:: Exercise ::
Output only the lines that run from the line holding "Pelo princípio da inoponibilidade" to the end of the data below, including both ends, without any pictures.

━━━━

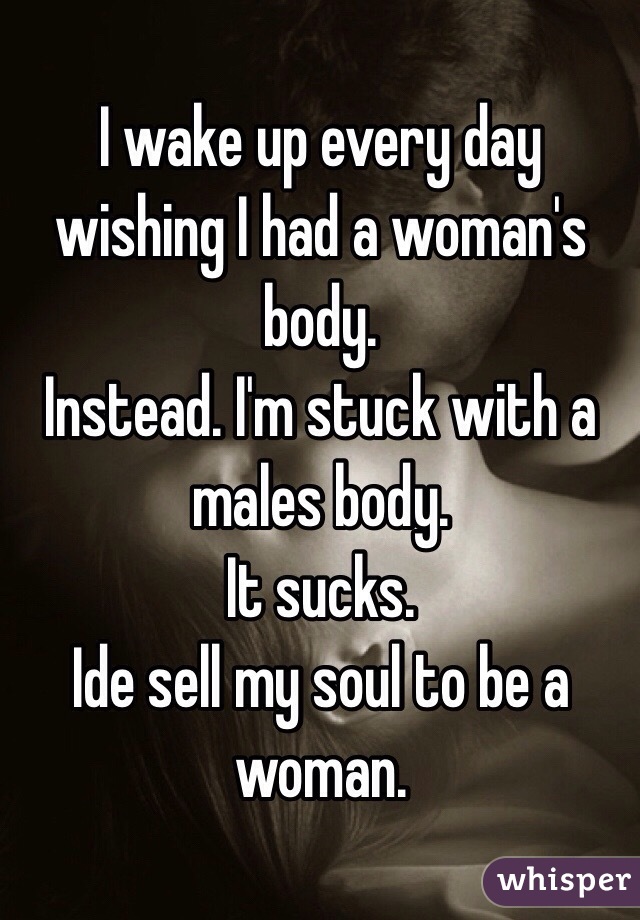 I wake up every day wishing I had a woman's body.
Instead. I'm stuck with a males body. 
It sucks. 
Ide sell my soul to be a woman.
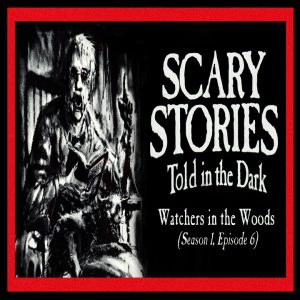 Scary Stories Told in the Dark - Season 1, Episode 6 - "Watchers in the Woods"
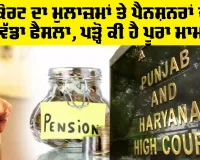 Punjab Pension News: ਹਾਈਕੋਰਟ ਦਾ ਮੁਲਾਜ਼ਮਾਂ ਤੇ ਪੈਨਸ਼ਨਰਾਂ ਦੇ ਹੱਕ ’ਚ ਵੱਡਾ ਫੈਸਲਾ, ਪੜ੍ਹੋ ਕੀ ਹੈ ਪੂਰਾ ਮਾਮਲਾ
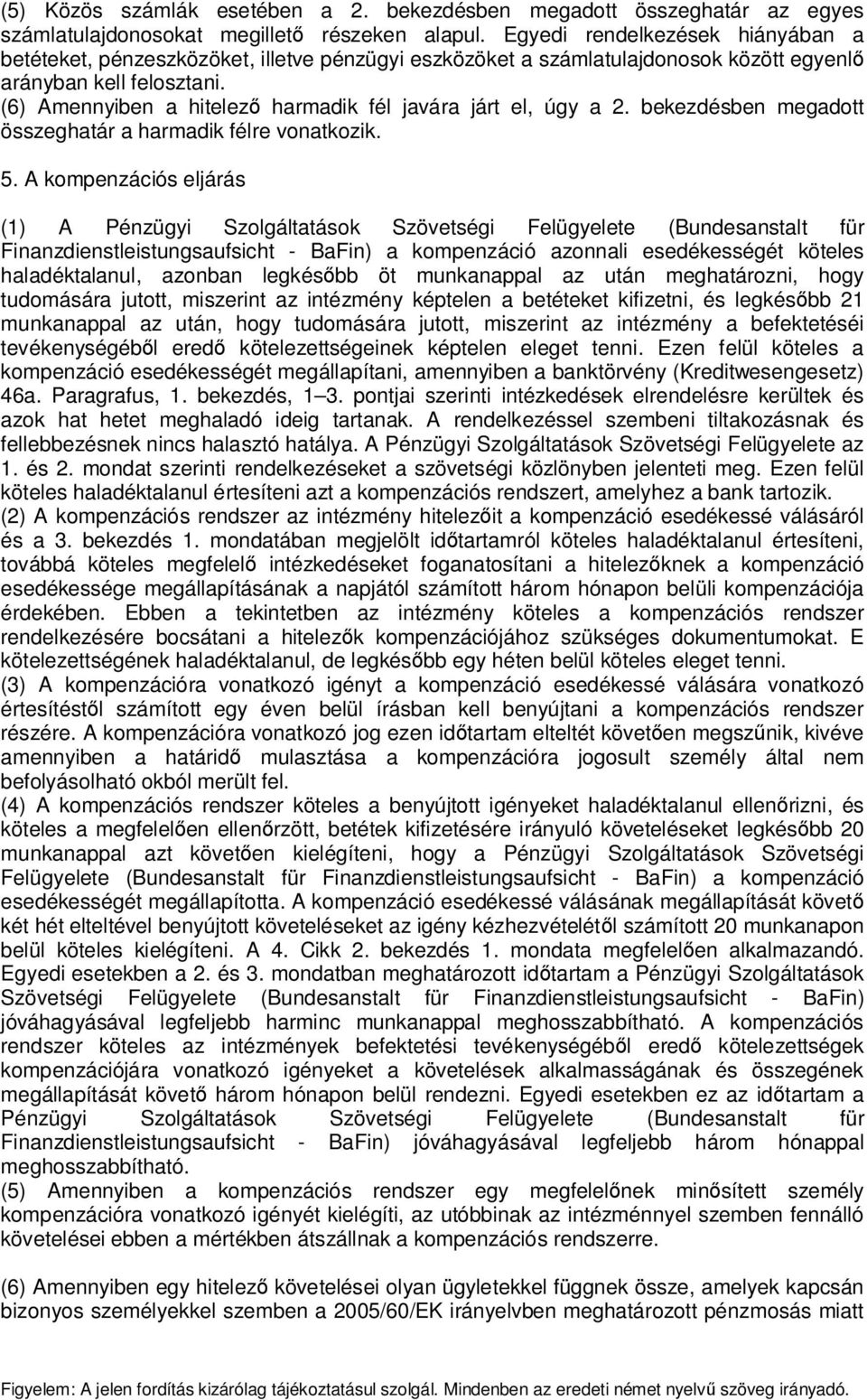 (6) Amennyiben a hitelez harmadik fél javára járt el, úgy a 2. bekezdésben megadott összeghatár a harmadik félre vonatkozik. 5.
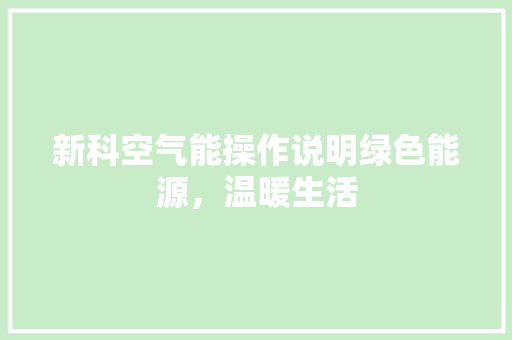 新科空气能操作说明绿色能源，温暖生活 厨房维修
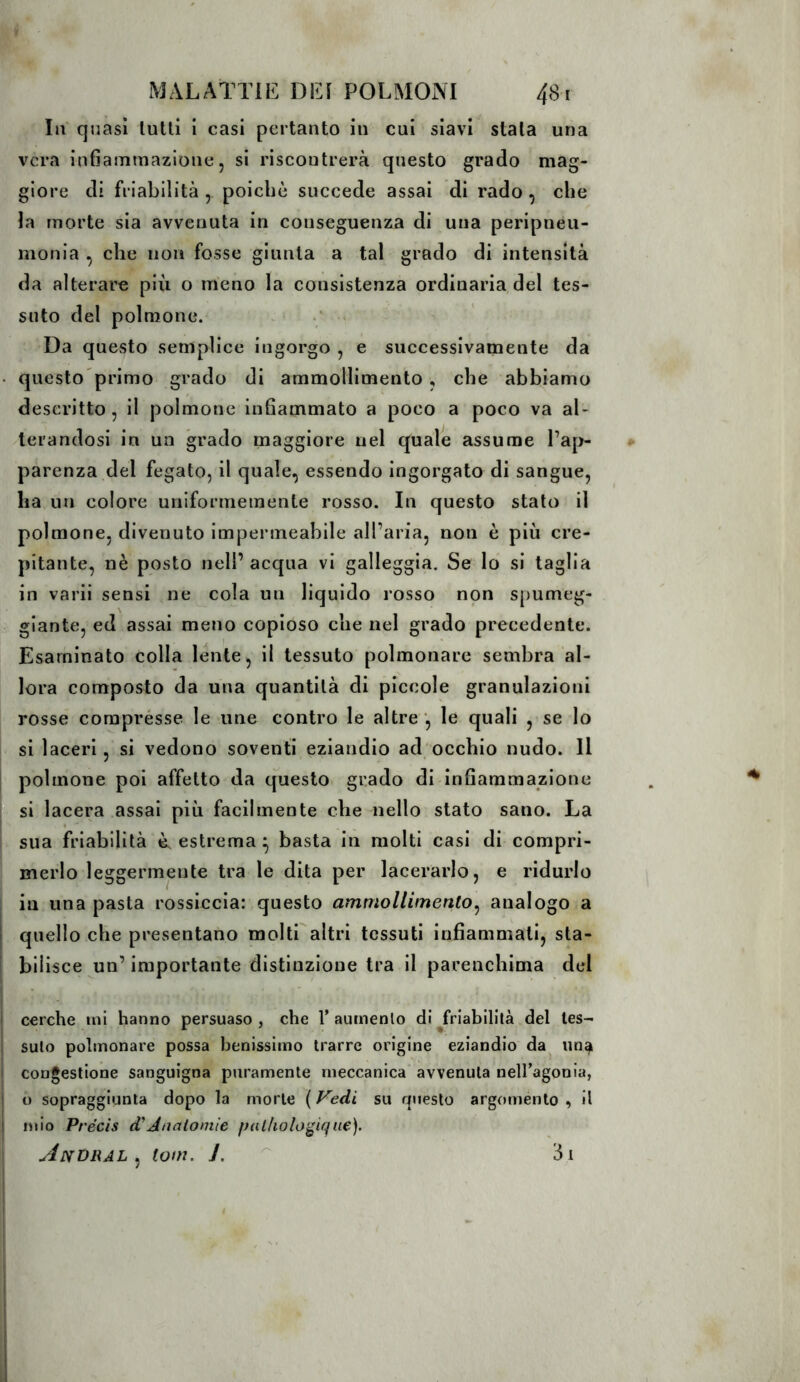 III quasi lutti i casi pertanto in cui siavi stala una vera infiammazione 5 si riscontrerà questo grado mag- giore di friabilità, poiché succede assai di rado, che la morte sia avvenuta in conseguenza di una perlpneu- monla , che non fosse giunta a tal grado di intensità da alterare più o meno la consistenza ordinaria del tes- suto del polmone. Da questo semplice ingorgo , e successivamente da questo primo grado di ammollimento , che abbiamo descritto, li polmone infiammato a poco a poco va al- terandosi in un grado maggiore nel quale assume l’ap- parenza del fegato, il quale, essendo ingorgato di sangue, ha un colore uniformemente rosso. In questo stato il polmone, divenuto impermeabile all’aria, non è più cre- pitante, nè posto nell’ acqua vi galleggia. Se lo si taglia in vari! sensi ne cola un liquido rosso non spumeg- giante, ed assai meno copioso che nel grado precedente. Esaminato colla lente, il tessuto polmonare sembra al- lora composto da una quantità di piccole granulazioni rosse comprèsse le une contro le altre ', le quali , se lo si laceri, si vedono soventi eziandio ad occhio nudo. Il polmone poi affetto da questo grado di infiammazione si lacera assai più facilmente che nello stato sano. La sua friabilità ù estrema ^ basta in molti casi di compri- merlo leggermente tra le dita per lacerarlo, e ridurlo in una pasta rossiccia: questo ammollimento^ analogo a quello che presentano molti altri tessuti infiammati, sta- bilisce un’ importante distinzione tra il parenchima del cerche mi hanno persuaso, che l’aumenlo di ^friabilità del tes- suto polmonare possa benissimo trarre origine eziandio da un^ congestione sanguigna puramente meccanica avvenuta nell’agonia, o sopraggiunta dopo la morte ( Vedi su questo argomento , il mio Précis d'Analoniie palholo^ique). AnDRAL ^ tom. J. ^ i3t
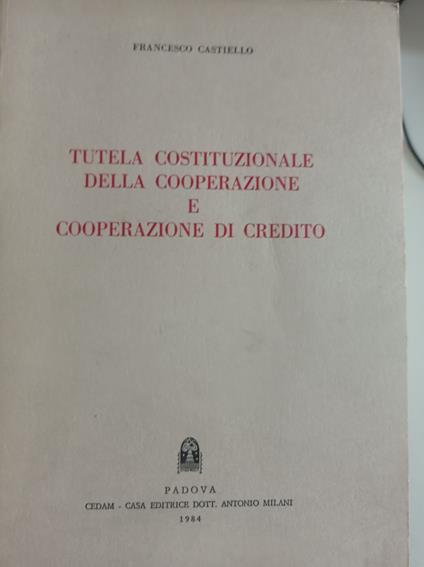 Tutela costituzionale della cooperazione e cooperazione di credito - copertina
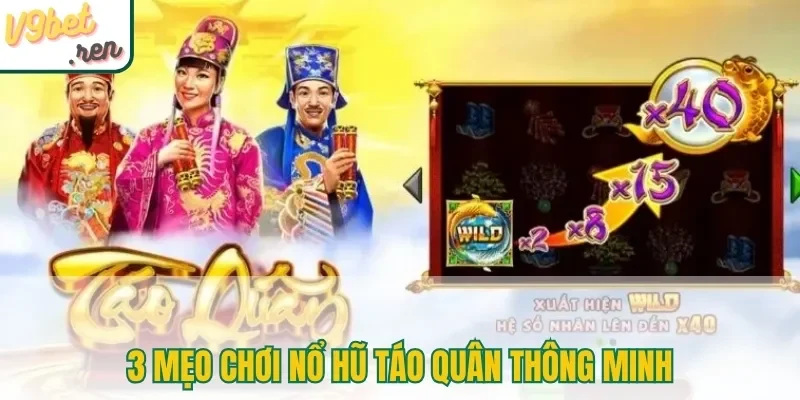 3 mẹo chơi nổ hũ Táo Quân thông minh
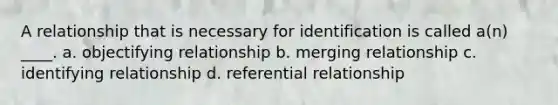 A relationship that is necessary for identification is called a(n) ____. a. objectifying relationship b. merging relationship c. identifying relationship d. referential relationship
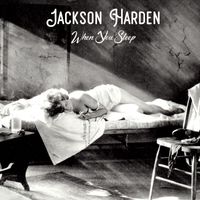 When You Sleep by Jackson Harden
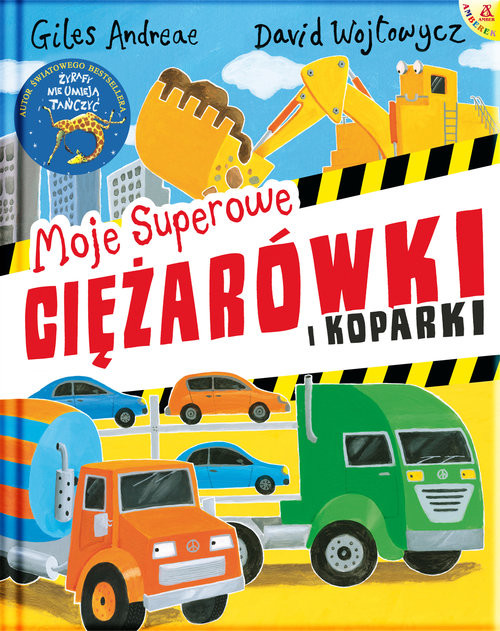 okładka Moje superowe ciężarówki i koparki książka | Andreae Giles
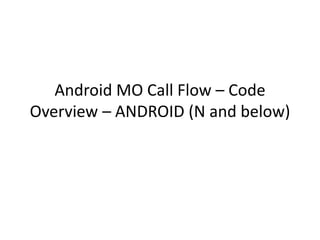Android MO Call Flow – Code
Overview – ANDROID (N and below)
 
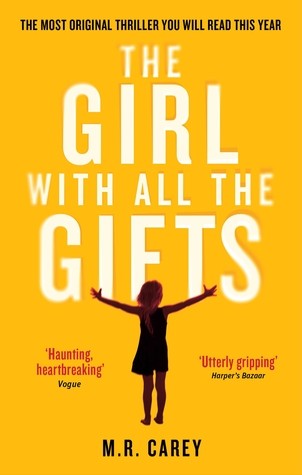 M. R. Carey: The Girl with All the Gifts (Hardcover, Orbit)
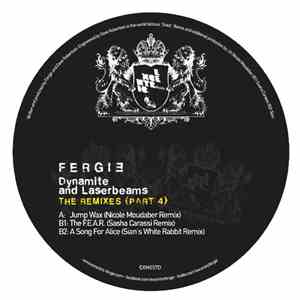 Fergie - Dynamite And Laserbeams The Remixes (Part 4) download free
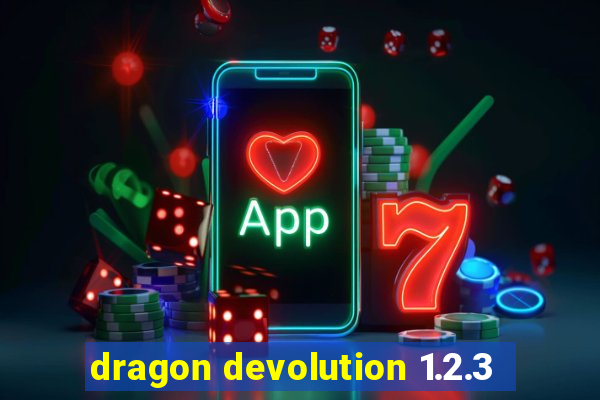 dragon devolution 1.2.3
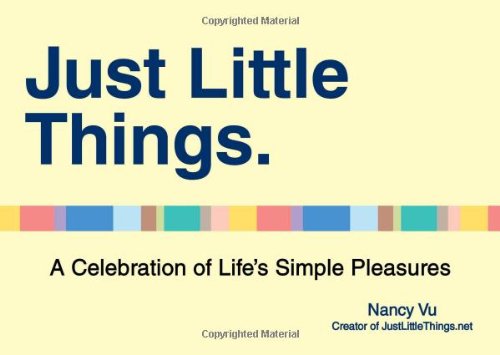 Just Little Things: A Celebration of Life's Simple Pleasures by Nancy Vu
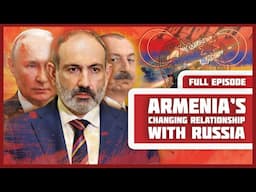 Armenia’s Changing Relationship with Russia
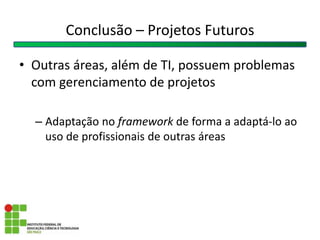 • Outras áreas, além de TI, possuem problemas
com gerenciamento de projetos
– Adaptação no framework de forma a adaptá-lo ao
uso de profissionais de outras áreas
Conclusão – Projetos Futuros
 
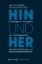 Buchcover und Innenansicht für das Buch: Hin und her - Dialoge in Museen zur Alltagskultur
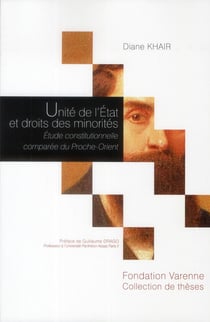 Unité de l'Etat et droits des minorités - étude constitutionnelle comparée du Proche-Orient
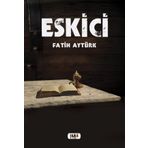Eskici - Fatih Aytürk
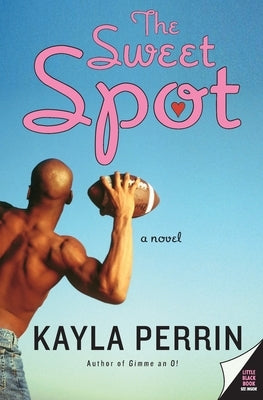 The Sweet Spot by Perrin, Kayla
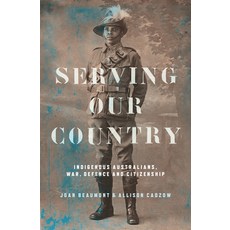 Serving our Country: Indigenous Australians war defence and citizenship 平裝版, NewSouth Books, 英文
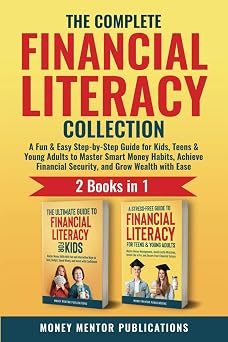 The Complete Financial Literacy Collection 2 Books in 1 A Fun & Easy Step-by-Step Guide for Kids, Teens & Young Adults to Master Smart Money Habits, ... Wealth with Ease Financial Literacy Series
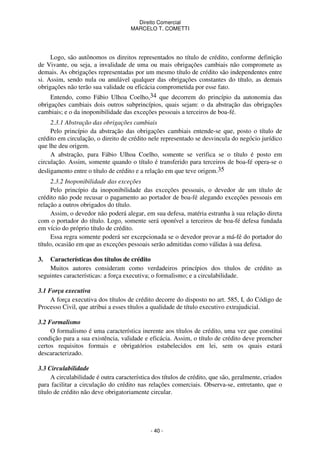 Direito Comercial
MARCELO T. COMETTI

Logo, são autônomos os direitos representados no título de crédito, conforme definição
de Vivante, ou seja, a invalidade de uma ou mais obrigações cambiais não compromete as
demais. As obrigações representadas por um mesmo título de crédito são independentes entre
si. Assim, sendo nula ou anulável qualquer das obrigações constantes do título, as demais
obrigações não terão sua validade ou eficácia comprometida por esse fato.
Entendo, como Fábio Ulhoa Coelho,34 que decorrem do princípio da autonomia das
obrigações cambiais dois outros subprincípios, quais sejam: o da abstração das obrigações
cambiais; e o da inoponibilidade das exceções pessoais a terceiros de boa-fé.
2.3.1 Abstração das obrigações cambiais
Pelo princípio da abstração das obrigações cambiais entende-se que, posto o título de
crédito em circulação, o direito de crédito nele representado se desvincula do negócio jurídico
que lhe deu origem.
A abstração, para Fábio Ulhoa Coelho, somente se verifica se o título é posto em
circulação. Assim, somente quando o título é transferido para terceiros de boa-fé opera-se o
desligamento entre o título de crédito e a relação em que teve origem.35
2.3.2 Inoponibilidade das exceções
Pelo princípio da inoponibilidade das exceções pessoais, o devedor de um título de
crédito não pode recusar o pagamento ao portador de boa-fé alegando exceções pessoais em
relação a outros obrigados do título.
Assim, o devedor não poderá alegar, em sua defesa, matéria estranha à sua relação direta
com o portador do título. Logo, somente será oponível a terceiros de boa-fé defesa fundada
em vício do próprio título de crédito.
Essa regra somente poderá ser excepcionada se o devedor provar a má-fé do portador do
título, ocasião em que as exceções pessoais serão admitidas como válidas à sua defesa.
3.

Características dos títulos de crédito
Muitos autores consideram como verdadeiros princípios dos títulos de crédito as
seguintes características: a força executiva; o formalismo; e a circulabilidade.
3.1 Força executiva
A força executiva dos títulos de crédito decorre do disposto no art. 585, I, do Código de
Processo Civil, que atribui a esses títulos a qualidade de título executivo extrajudicial.
3.2 Formalismo
O formalismo é uma característica inerente aos títulos de crédito, uma vez que constitui
condição para a sua existência, validade e eficácia. Assim, o título de crédito deve preencher
certos requisitos formais e obrigatórios estabelecidos em lei, sem os quais estará
descaracterizado.
3.3 Circulabilidade
A circulabilidade é outra característica dos títulos de crédito, que são, geralmente, criados
para facilitar a circulação do crédito nas relações comerciais. Observa-se, entretanto, que o
título de crédito não deve obrigatoriamente circular.

- 40 -

 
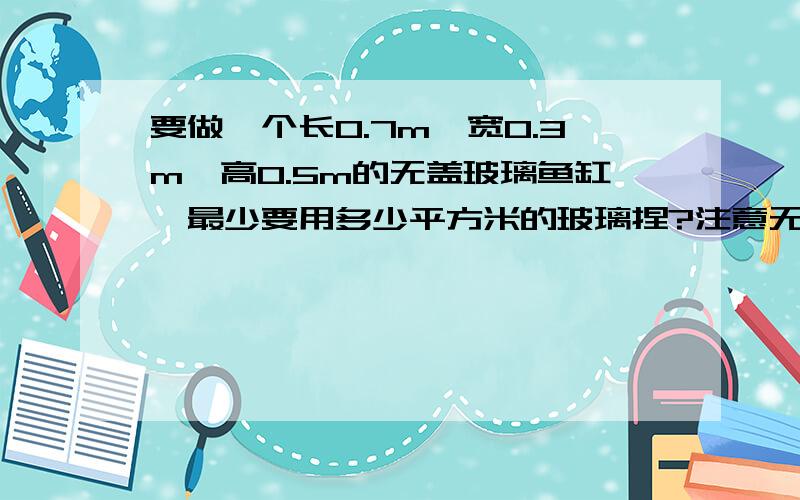 要做一个长0.7m,宽0.3m,高0.5m的无盖玻璃鱼缸,最少要用多少平方米的玻璃捏?注意无盖鱼缸啊!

━━━━

:: Solution for this task ::
Pelo princípio da inoponibilidade das exceções pessoais, o devedor de um título de
crédito não pode recusar o pagamento ao portador de boa-fé alegando exceções pessoais em
relação a outros obrigados do título.
Assim, o devedor não poderá alegar, em sua defesa, matéria estranha à sua relação direta
com o portador do título. Logo, somente será oponível a terceiros de boa-fé defesa fundada
em vício do próprio título de crédito.
Essa regra somente poderá ser excepcionada se o devedor provar a má-fé do portador do
título, ocasião em que as exceções pessoais serão admitidas como válidas à sua defesa.
3.

Características dos títulos de crédito
Muitos autores consideram como verdadeiros princípios dos títulos de crédito as
seguintes características: a força executiva; o formalismo; e a circulabilidade.
3.1 Força executiva
A força executiva dos títulos de crédito decorre do disposto no art. 585, I, do Código de
Processo Civil, que atribui a esses títulos a qualidade de título executivo extrajudicial.
3.2 Formalismo
O formalismo é uma característica inerente aos títulos de crédito, uma vez que constitui
condição para a sua existência, validade e eficácia. Assim, o título de crédito deve preencher
certos requisitos formais e obrigatórios estabelecidos em lei, sem os quais estará
descaracterizado.
3.3 Circulabilidade
A circulabilidade é outra característica dos títulos de crédito, que são, geralmente, criados
para facilitar a circulação do crédito nas relações comerciais. Observa-se, entretanto, que o
título de crédito não deve obrigatoriamente circular.

- 40 -

 
 要做一个长0.7m,宽0.3m,高0.5m的无盖玻璃鱼缸,最少要用多少平方米的玻璃捏?注意无盖鱼缸啊!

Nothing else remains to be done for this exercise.